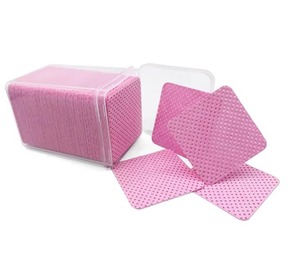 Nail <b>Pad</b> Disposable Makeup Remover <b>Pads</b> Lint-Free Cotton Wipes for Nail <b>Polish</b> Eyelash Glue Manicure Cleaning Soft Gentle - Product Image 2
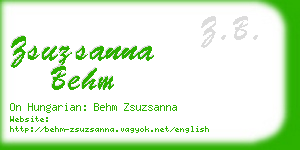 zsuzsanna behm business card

-*-

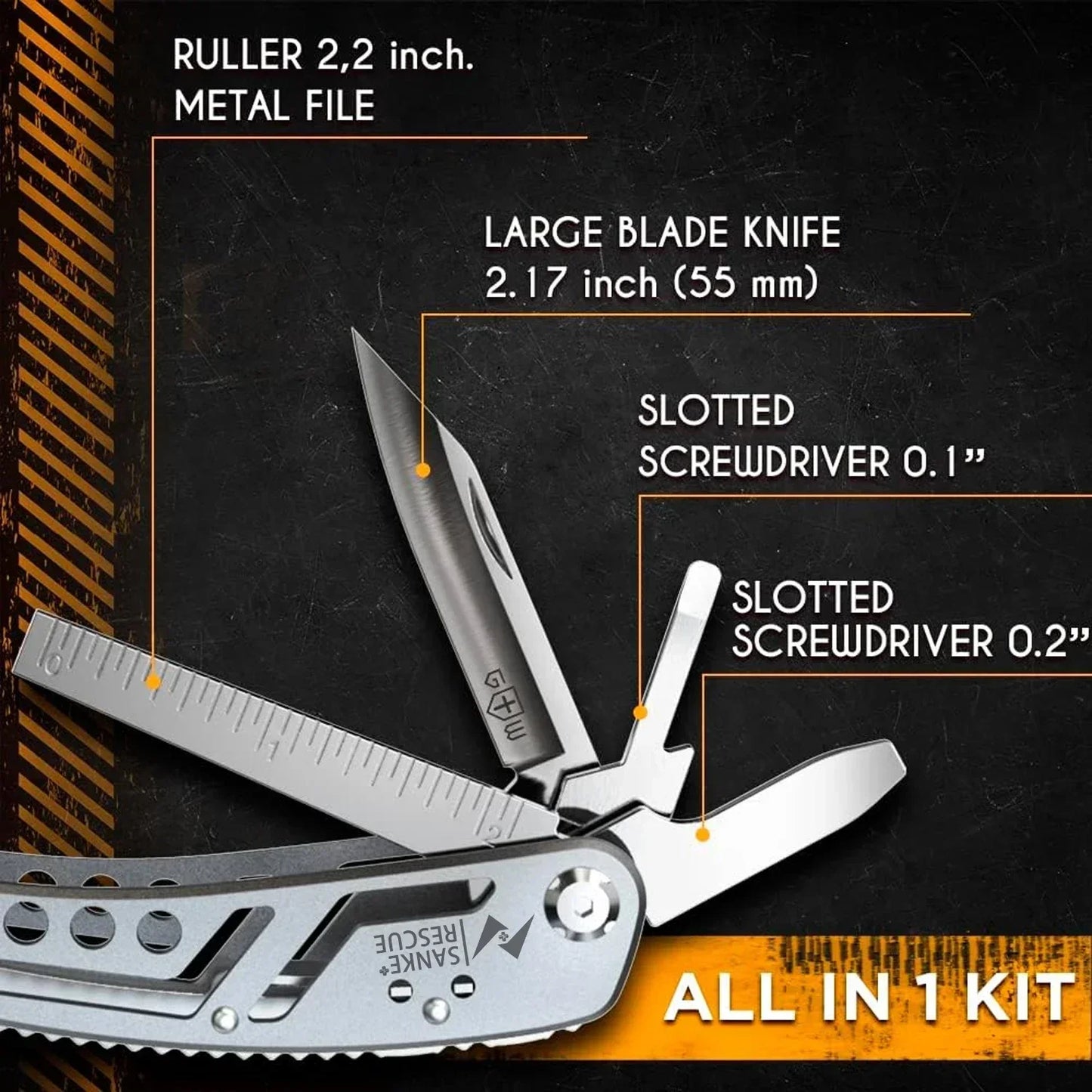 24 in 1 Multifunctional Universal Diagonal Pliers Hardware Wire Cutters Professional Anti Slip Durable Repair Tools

-*-

## Assignment
Work from the entries above. Set down exactly and only the lines from the line with "Nail <b>Pad</b> Disposable" to the line with "zsuzsanna behm business card", both included, and leave the pictures out.

## Result below
 Nail <b>Pad</b> Disposable Makeup Remover <b>Pads</b> Lint-Free Cotton Wipes for Nail <b>Polish</b> Eyelash Glue Manicure Cleaning Soft Gentle - Product Image 2
 zsuzsanna behm business card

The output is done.